╔══

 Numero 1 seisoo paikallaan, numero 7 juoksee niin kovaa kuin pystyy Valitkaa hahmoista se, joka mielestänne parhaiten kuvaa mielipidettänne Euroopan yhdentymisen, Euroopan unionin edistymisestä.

╚══
╔══

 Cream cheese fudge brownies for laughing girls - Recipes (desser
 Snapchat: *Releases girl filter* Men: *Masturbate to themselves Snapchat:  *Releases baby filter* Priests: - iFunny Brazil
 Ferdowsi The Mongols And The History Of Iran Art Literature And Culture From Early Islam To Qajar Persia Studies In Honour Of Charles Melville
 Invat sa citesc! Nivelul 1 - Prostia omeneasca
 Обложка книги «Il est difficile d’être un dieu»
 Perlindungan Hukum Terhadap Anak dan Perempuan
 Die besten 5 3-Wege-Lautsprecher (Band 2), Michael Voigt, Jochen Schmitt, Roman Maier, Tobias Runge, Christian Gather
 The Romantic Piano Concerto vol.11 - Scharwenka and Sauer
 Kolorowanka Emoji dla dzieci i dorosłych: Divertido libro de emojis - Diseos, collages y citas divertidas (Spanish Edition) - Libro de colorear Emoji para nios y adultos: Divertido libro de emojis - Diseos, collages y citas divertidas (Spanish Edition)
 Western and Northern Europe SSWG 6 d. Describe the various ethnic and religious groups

╚══

▸ Your assignment
When the line with "Perlindungan Hukum Terhadap" is reached in the data above, start copying there, and copy each line exactly until the line with "Western and Northern" has been copied; copy nothing else.

▸ Completed exercise
 Perlindungan Hukum Terhadap Anak dan Perempuan
 Die besten 5 3-Wege-Lautsprecher (Band 2), Michael Voigt, Jochen Schmitt, Roman Maier, Tobias Runge, Christian Gather
 The Romantic Piano Concerto vol.11 - Scharwenka and Sauer
 Kolorowanka Emoji dla dzieci i dorosłych: Divertido libro de emojis - Diseos, collages y citas divertidas (Spanish Edition) - Libro de colorear Emoji para nios y adultos: Divertido libro de emojis - Diseos, collages y citas divertidas (Spanish Edition)
 Western and Northern Europe SSWG 6 d. Describe the various ethnic and religious groups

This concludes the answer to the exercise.